** Opening The data block **

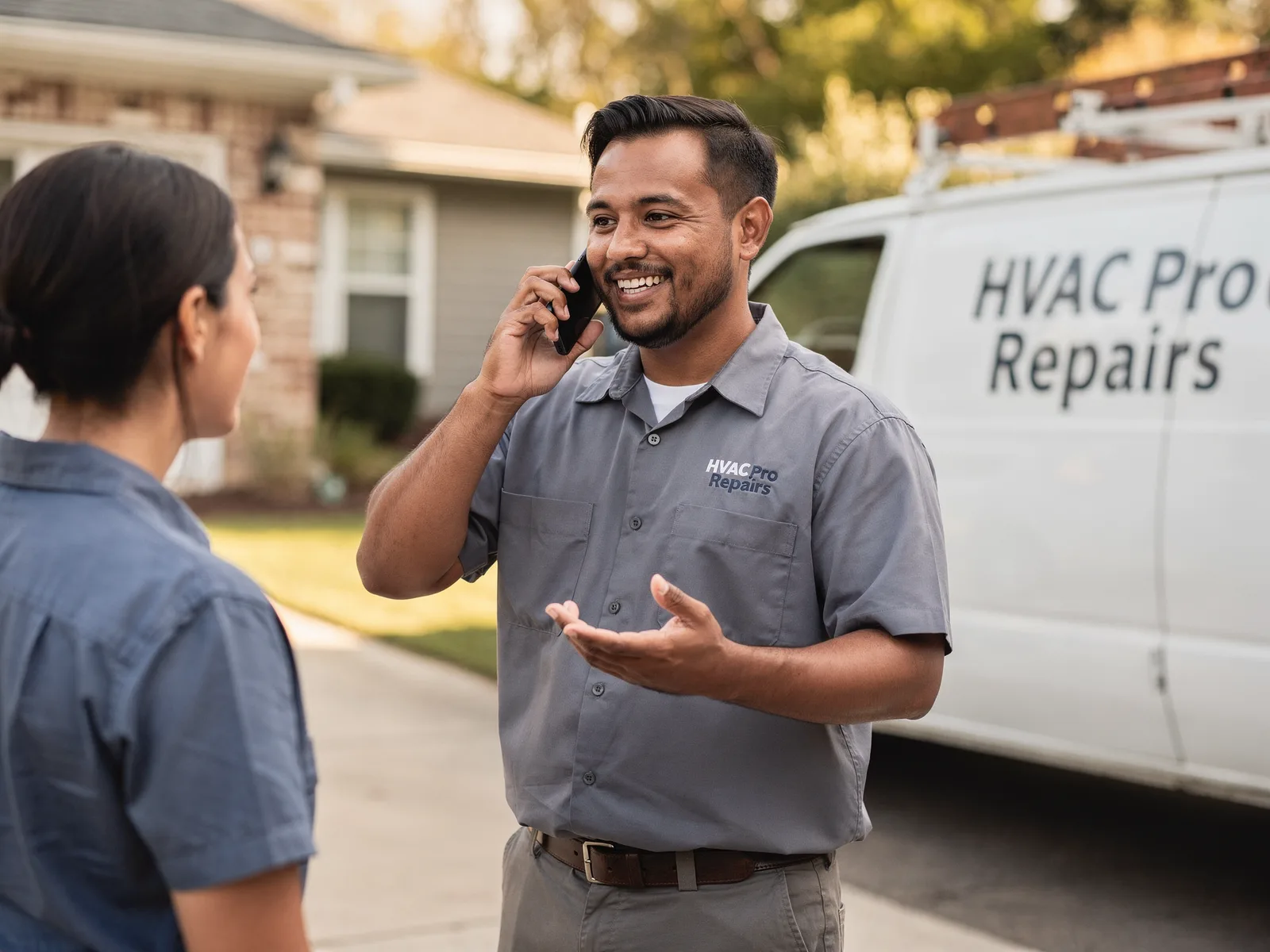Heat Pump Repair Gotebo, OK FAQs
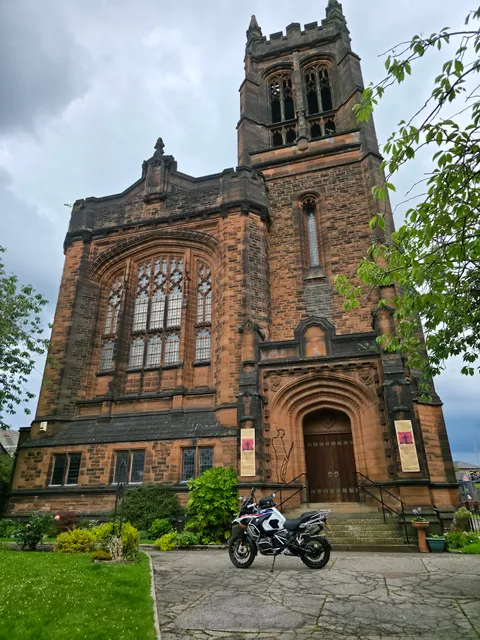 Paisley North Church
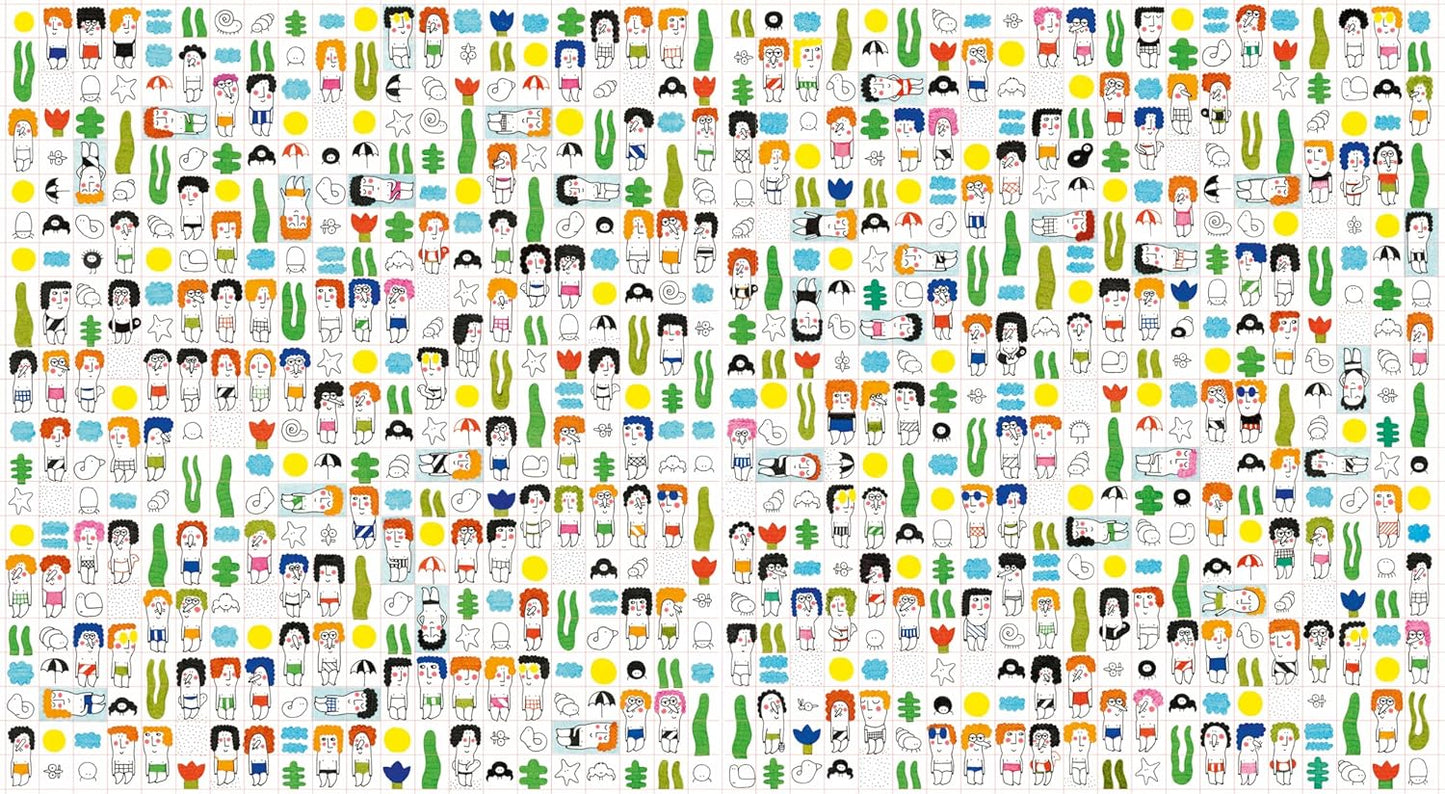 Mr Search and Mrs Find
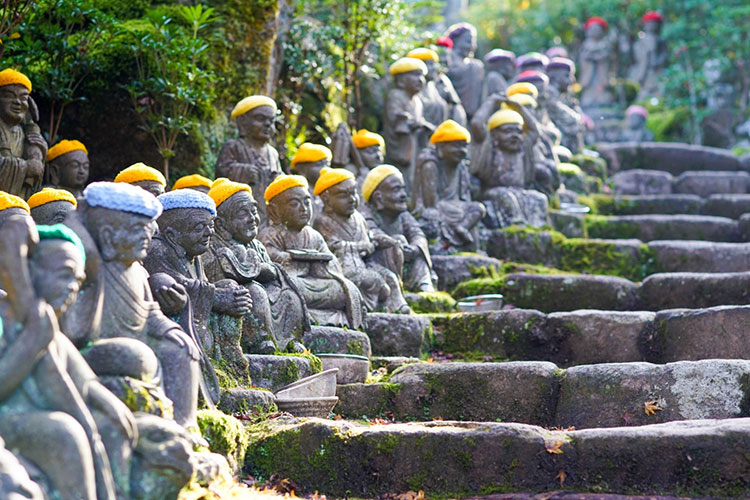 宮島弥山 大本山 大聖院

** Closing The data block **

Directions —
Reprint the whole listing verbatim except for the pictures.

Solution for this task —
Heat Pump Repair Gotebo, OK FAQs
 Paisley North Church
 Mr Search and Mrs Find
 宮島弥山 大本山 大聖院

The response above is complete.